Forward-looking statements are not guarantees of performance. You should not put undue reliance on these statements which speak only as of this date hereof. You should understand that the following important factors, in addition to those discussed in “Risk Factors” in Amendment No. 1 on Form 10K/A to the Company’s annual report on Form 10-K for the year ended December 31, 2014 (the “10-K”), and other reports filed with the Securities Exchange Commission (“SEC”), as such factors may be updated from time to time in our periodic filings with the SEC, which are available on the SEC’s website at www.sec.gov, could affect our future results and could cause those results or other outcomes to differ materially from those expressed or implied in our forward-looking statements:
- risks of the security and home automation industry, including risks of and publicity surrounding the sales, subscriber origination and retention process;
- the highly competitive nature of the security and home automation industry and product introductions and promotional activity by our competitors;
- litigation, complaints or adverse publicity;
- the impact of changes in consumer spending patterns, consumer preferences, local, regional, and national economic conditions, crime, weather, demographic trends and employee availability;
- adverse publicity and product liability claims;
- increases and/or decreases in utility and other energy costs, increased costs related to utility or governmental requirements; and
- cost increases or shortages in security and home automation technology products or components.
In addition, the origination and retention of new subscribers will depend on various factors, including, but not limited to, market availability, subscriber interest, the availability of suitable components, the negotiation of acceptable contract terms with subscribers, local permitting, licensing and regulatory compliance, and our ability to manage anticipated expansion and to hire, train and retain personnel, the financial viability of subscribers and general economic conditions.
These and other factors that could cause actual results to differ from those implied by the forward-looking statements in this press release are more fully described in the “Risk Factors” section of our annual report on Form 10-K for the year ended December 31, 2014 and other reports as such factors may be updated from time to time in our periodic filings with the SEC. These risk factors should not be construed as exhaustive. We disclaim any obligations to and do not intend to update the above list or to announce publicly the results of any revisions to any of the forward-looking statements to reflect future events or developments. All forward-looking statements attributable to us or persons acting on our behalf are expressly qualified in their entirety by the foregoing cautionary statements.

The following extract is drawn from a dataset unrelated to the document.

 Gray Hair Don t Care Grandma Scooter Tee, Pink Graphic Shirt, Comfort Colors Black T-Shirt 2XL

We undertake no obligations to update or revise publicly any forward-looking statements, whether a result of new information, future events, or otherwise.
Certain Definitions
The following definitions are used in this press release for purposes of describing the results in our home security and automation business and except where noted, exclude our wireless internet business.

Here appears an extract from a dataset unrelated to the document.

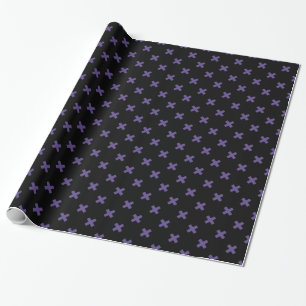 Ultra violet cross stitches on black wrapping paper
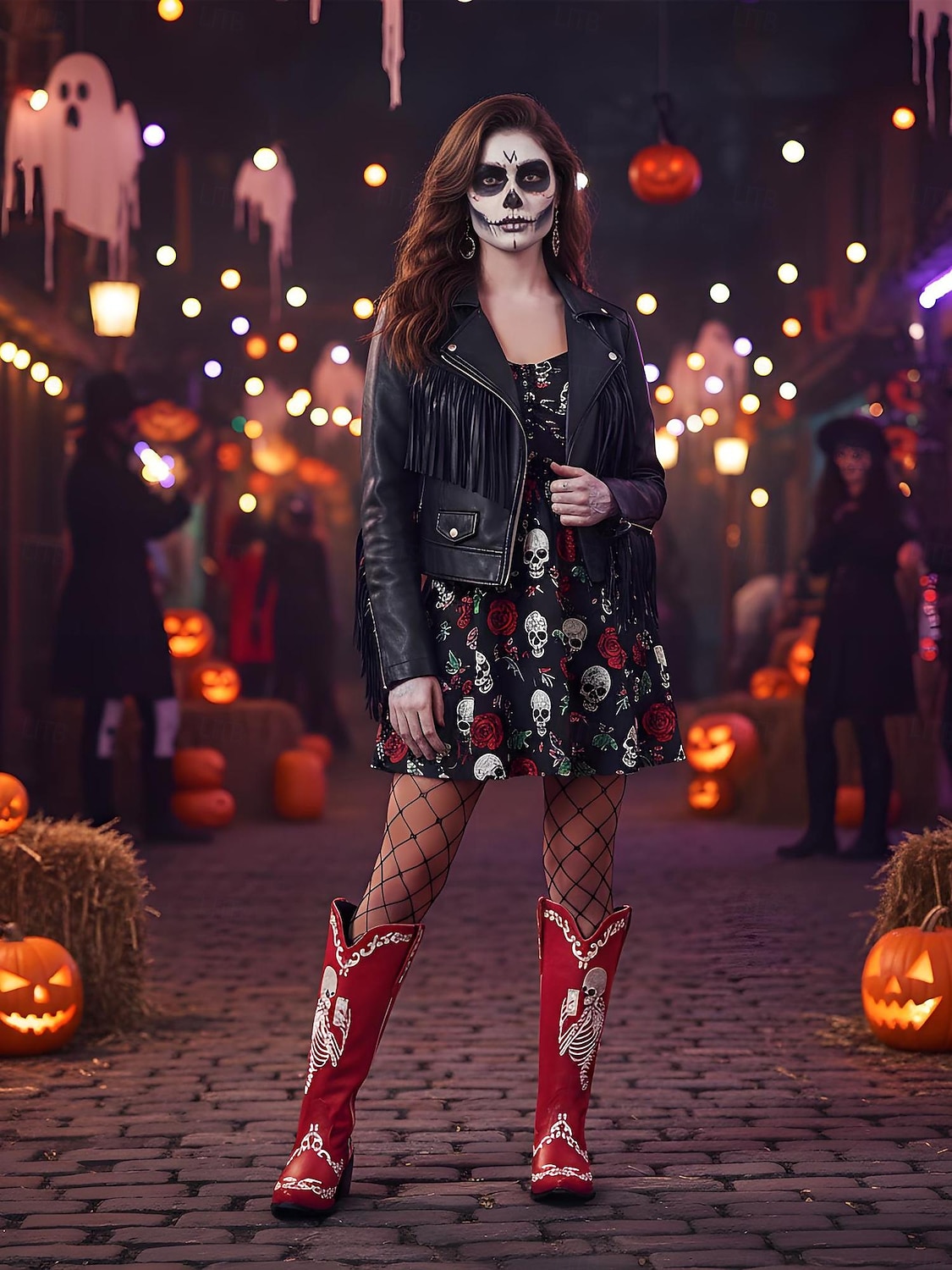 2025年 女性用ハロウィンスケルトン刺繍カウボーイブーツ - コスチュームパーティー、不気味なフェスティバル、夜のストリートスタイルに最適なゴシックウエスタンロングブーツ  コレクション – $59.99 –P1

“Total Subscribers” means the aggregate number of active security and home automation subscribers at the end of a given period.
“RMR” means the recurring monthly revenue billed to a security and home automations subscriber.
“Total RMR” means the aggregate RMR billed to all security and home automation subscribers.
“Average RMR per Subscriber” means the Total RMR divided by Total Subscribers. This is also commonly referred to as Average Revenue per User, or “ARPU.”
“Average RMR per New Subscriber” means the aggregate RMR for new subscribers originated during a period divided by the number of new subscribers originated during such period.
“Attrition" means the aggregate number of canceled security and home automation subscribers during a period divided by the monthly weighted average number of total security and home automation subscribers for such period. Subscribers are considered canceled when they terminate in accordance with the terms of their contract, are terminated by the Company, or if payment from such subscribers is deemed uncollectible (120 days past due). Sales of contracts to third parties and certain moves are excluded from the attrition calculation.
“Net Subscriber Acquisition Costs” means direct and indirect costs to create a new security and home automation subscriber. These include commissions, equipment, installation, marketing and other allocations (G&A and overhead), less activation fees and up sell revenue. These costs also exclude residuals and long-term equity expenses associated with the direct-to-home sales channel.
“Net Creation Cost Multiple” means total Net Subscriber Acquisition Costs, divided by the number of new subscribers originated, and then divided by the Average RMR per New Subscriber.
“Net Service Cost per Subscriber” means total service costs, including monitoring, customer service, field service and other allocations (G&A and overhead) costs, less total service revenue divided by total service subscribers.
“Net Service Margin” means Average RMR per Subscriber less Net Service Costs divided by Average RMR per Subscriber.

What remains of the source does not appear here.